バトゥミ・シナゴーグ

ジョージアが誇る豊かな歴史と文化の宝の中で、バトゥミ・シナゴーグはこの国の多様性を象徴する魅力的な存在です。ジョージア国内には7つの個性あるシナゴーグが点在し、Kivruliとして知られるユダヤ系ジョージア語を話すジョージアのユダヤ人たちの存在が、この地域の多彩な文化的混交にさらに深みを与えています。

ヴァザ=プシャヴェラ通りに佇むバトゥミ・シナゴーグ(石造りのアシュケナージ・シナゴーグとも呼ばれる)は、精緻な鉄製の柵で囲まれた重厚な外観が目を引きます。木製の扉と、円形・楕円形の窓が左右対称に並ぶ堂々とした建物は、一目で印象に残る景観を作り出しています。

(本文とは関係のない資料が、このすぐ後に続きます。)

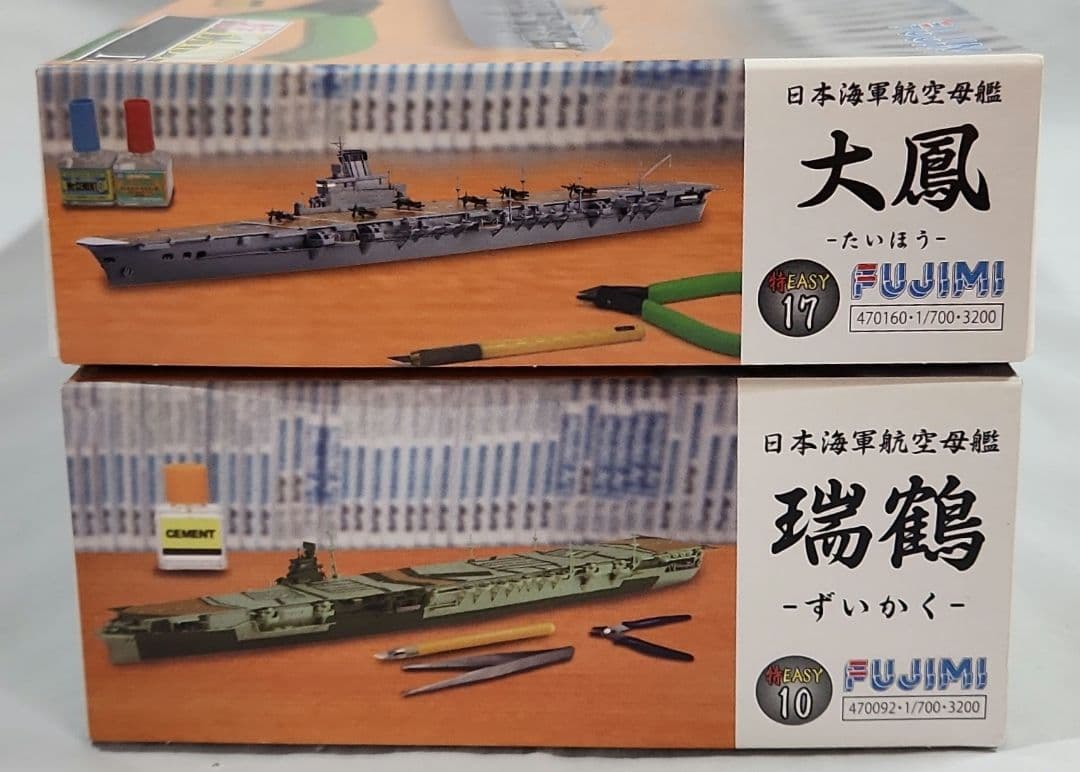 1/700 フジミ「日本海軍航空母艦 瑞鶴 & 大鳳(特EASYキット)」2艦
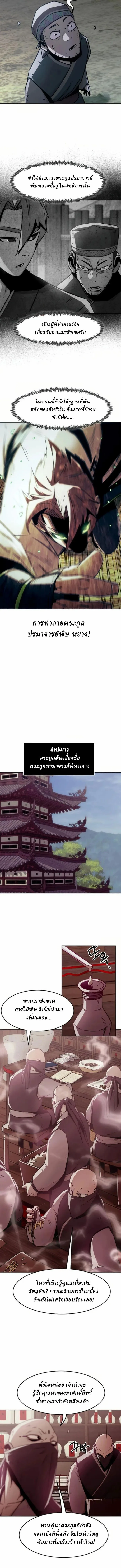 Becoming the Sacheon Dang’s Swordsmaster-Rank Young Lord เส้นทางแห่งดาบ - หน้า 10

その意匠にはアムステルダムやハーグのシナゴーグを彷彿とさせるヨーロッパ的な影響が色濃く反映されています。設計・施工を手がけたのは地元の建築家シモン・ヴォルコヴィッチで、1904年に完成しました。建物自体がバトゥミのユダヤ共同体の複雑な歴史を物語っています。

建立の経緯もまた重層的です。地元ユダヤ人共同体の嘆願を受け、ロシア皇帝ニコライ2世の許可を得て建てられましたが、1930年代にはソビエト政権下で多くの宗教施設と同様に閉鎖されてしまいました。

共産主義体制下では体操やフェンシングのクラブ、さらには「スパルタク」スポーツクラブなどに用途が転用されました。ソビエト連邦の崩壊後、1992年に建物はユダヤ共同体に返還され、再びシナゴーグとしての役割を取り戻しました。

現在もバトゥミ・シナゴーグは礼拝の場として、特に土曜の安息日やユダヤ教の祭日に多くの信徒を迎えます。またイスラエルをはじめとする海外からの観光客も訪れ、バトゥミの歴史的遺産を体感する場所として人気を集めています。ジョージアの過去を辿り、多文化が織り成す風景を探るなら、このシナゴーグの訪問は忘れがたい一章となるでしょう。